__Required work__:
An exact reprint of the listing is required, with no pictures included.

__Data shown__:

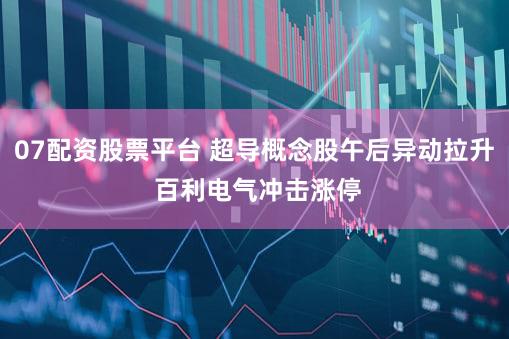 07配资股票平台 超导概念股午后异动拉升 百利电气冲击涨停
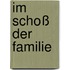 Im Schoß der Familie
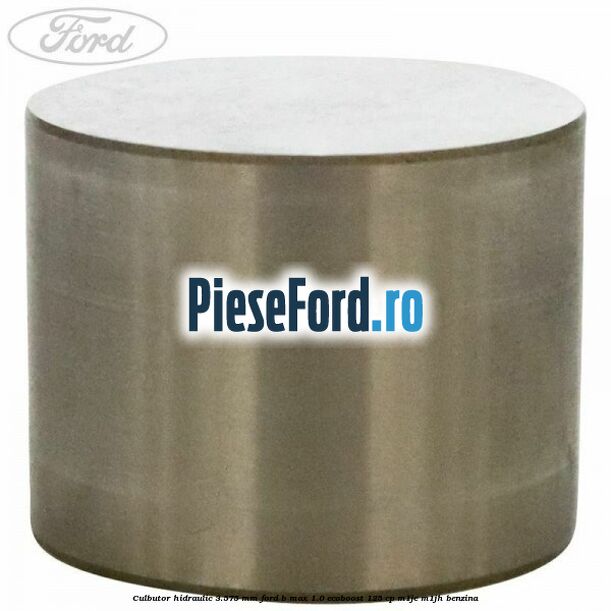 Culbutor hidraulic 3.575 mm Ford B-Max 1.0 EcoBoost 125 cp M1JE, M1JH benzina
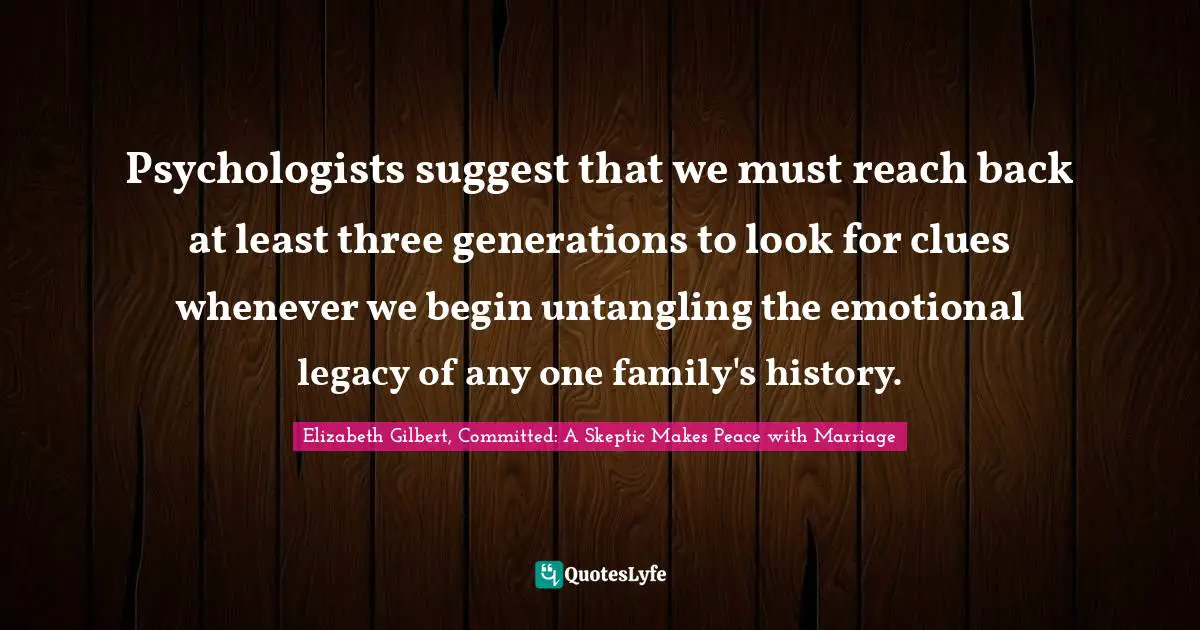 Elizabeth Gilbert Quotes: "Psychologists suggest that we must reach back at least three generations to look for clues whenever we begin untangling the emotional legacy of any one family's history."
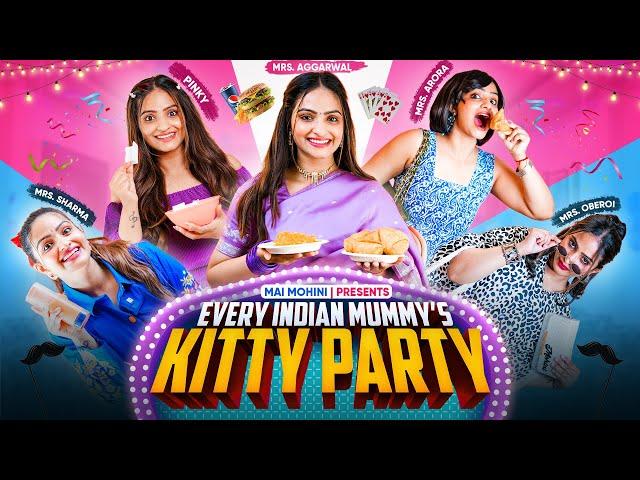 Every Indian Mummy's Kitty Party | Mai Mohini | 2024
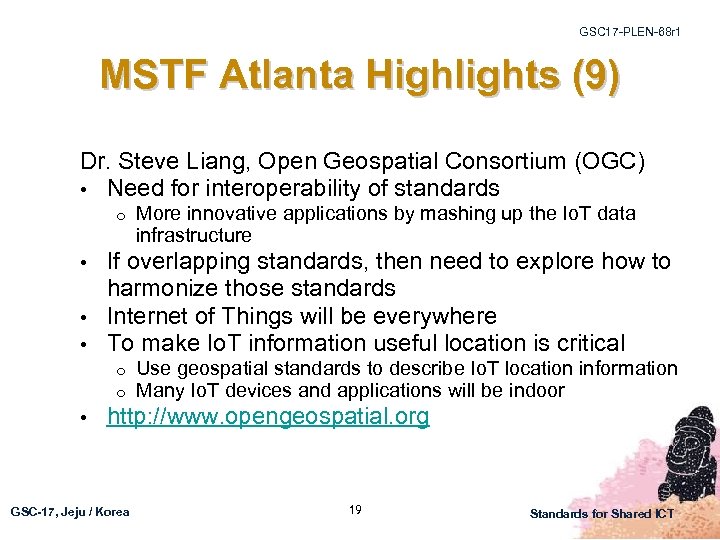 GSC 17 -PLEN-68 r 1 MSTF Atlanta Highlights (9) Dr. Steve Liang, Open Geospatial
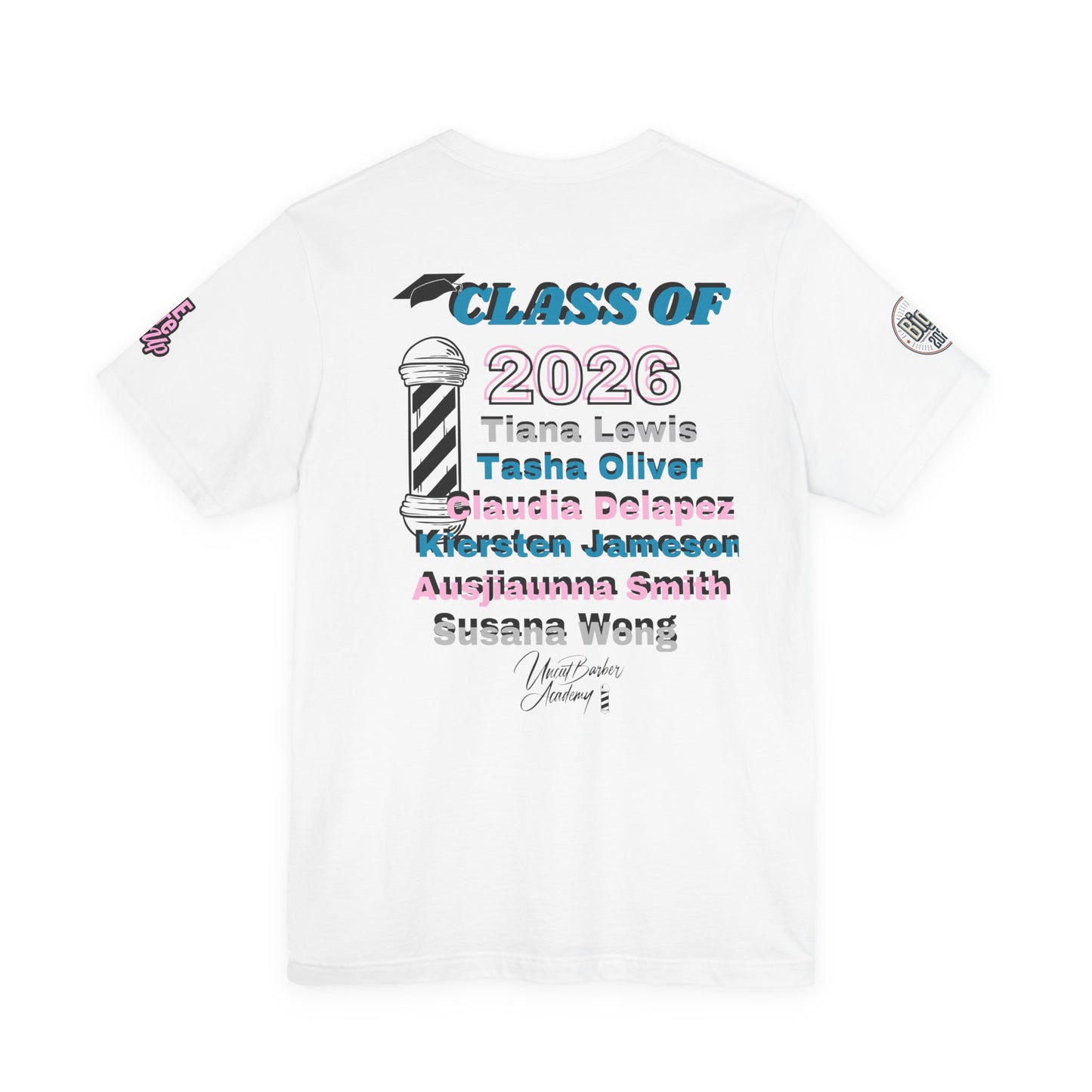 Class of 2026 Graduation Tee — 'We Ate It Up' Barbering School Shirt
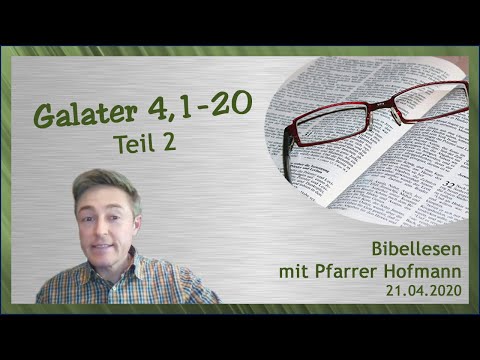 Galater 4, 1-20 - Teil 2 - Bibellesen 2020-04-21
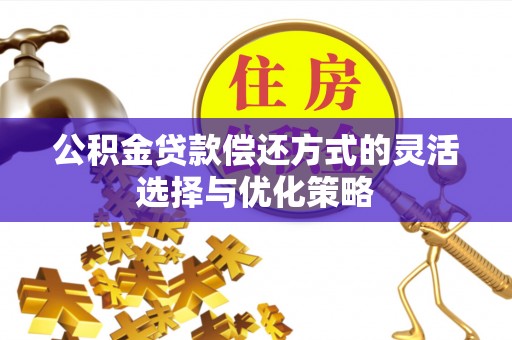 萧县公积金贷款偿还方式的灵活选择与优化策略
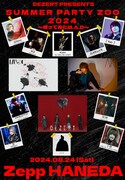 「DEZERT Presents SUMMER PARTY ZOO 2024 ～帰って来たM.A.D～」告知画像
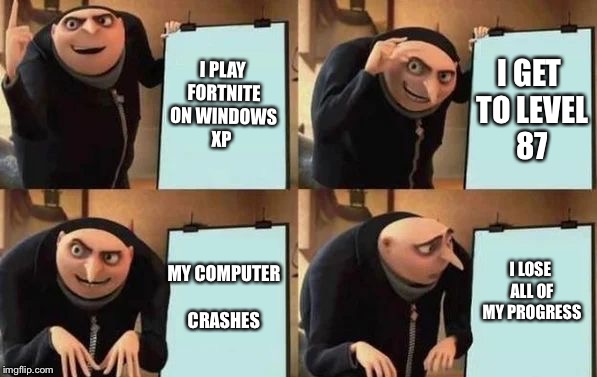 Gru's Plan Meme | I PLAY FORTNITE ON WINDOWS XP; I GET TO LEVEL 87; MY COMPUTER CRASHES; I LOSE ALL OF MY PROGRESS | image tagged in gru's plan | made w/ Imgflip meme maker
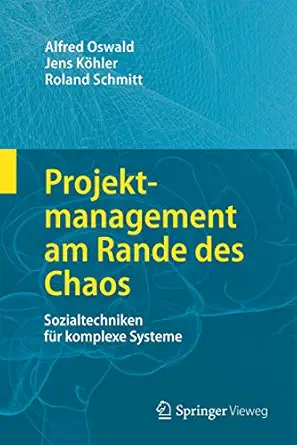 projektmanagement am rande des chaos sozialtechniken fa 1/4r komplexe systeme 1st edition alfred oswald ,jens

__Result for this exercise__:
 07配资股票平台 超导概念股午后异动拉升 百利电气冲击涨停
 Im Schoß der Familie
 Culbutor hidraulic 3.575 mm Ford B-Max 1.0 EcoBoost 125 cp M1JE, M1JH benzina
 Elizabeth Gilbert Quotes: "Psychologists suggest that we must reach back at least three generations to look for clues whenever we begin untangling the emotional legacy of any one family's history."
 Every Indian Mummy's Kitty Party | Mai Mohini | 2024
 GSC 17 -PLEN-68 r 1 MSTF Atlanta Highlights (9) Dr. Steve Liang, Open Geospatial
 Class of 2026 Graduation Tee — 'We Ate It Up' Barbering School Shirt
 Galater 4, 1-20 - Teil 2 - Bibellesen 2020-04-21
 萧县公积金贷款偿还方式的灵活选择与优化策略
 「DEZERT Presents SUMMER PARTY ZOO 2024 ～帰って来たM.A.D～」告知画像
 Gru's Plan Meme | I PLAY FORTNITE ON WINDOWS XP; I GET TO LEVEL 87; MY COMPUTER CRASHES; I LOSE ALL OF MY PROGRESS | image tagged in gru's plan | made w/ Imgflip meme maker
 projektmanagement am rande des chaos sozialtechniken fa 1/4r komplexe systeme 1st edition alfred oswald ,jens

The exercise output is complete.